Old town hall and court house is a Grade II listed building in the Cornwall local planning authority area, England. Town hall. 1 related planning application.
Old town hall and court house
- WRENN ID
- patient-baluster-claret
- Grade
- II
- Local Planning Authority
- Cornwall
- Country
- England
- Type
- Town hall
- Source
- Historic England listing
Description
The Old Courthouse, formerly known as the Old Town Hall, is a town hall that has been converted into a club. It was built in 1850 by Robert Blee and has been altered since its original construction. The building is made of granite ashlar and features a slate roof. It has a double-depth plan, is two storeys high, and consists of three symmetrical bays in the Doric style. Notable architectural features include raised quoins, a first-floor string-course, and a triglyph frieze.
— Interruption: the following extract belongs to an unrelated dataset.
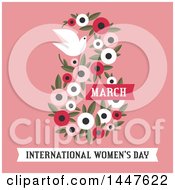Clipart Of A Retro Floral March 8th International Womens Day Design With A Dove On Pink Royalty Free Vector Illustration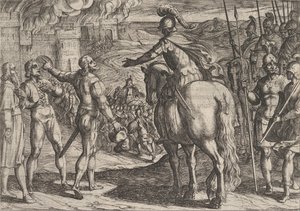 Levy 34: Roomalaiset polttamassa Hollannin maaseutua, teoksesta Roomalaisten sota..., 1611. tekijältä Antonio Tempesta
At the center of the façade, there is a wide recessed porch supported by Tuscan columns arranged distyle in antis. The porch includes a triglyph frieze with roundels on the metopes and a cornice, as well as channelled rustication finished as quoins around the entrance. The entrance has panelled double doors, with the top panels being glazed. Above the porch is a tripartite sashed window set within an architrave with pilaster jambs, a plain frieze, and a prominent cornice. Each floor has two 12-pane sashed windows; the ground floor windows have quoined surrounds, stepped voussoirs, and panelled aprons, while the upper floor windows feature broad shouldered architraves. The building is topped with a crowning frieze of triglyphs adorned with wreaths and has mutules beneath the projecting eaves. Gable chimneys complete the exterior.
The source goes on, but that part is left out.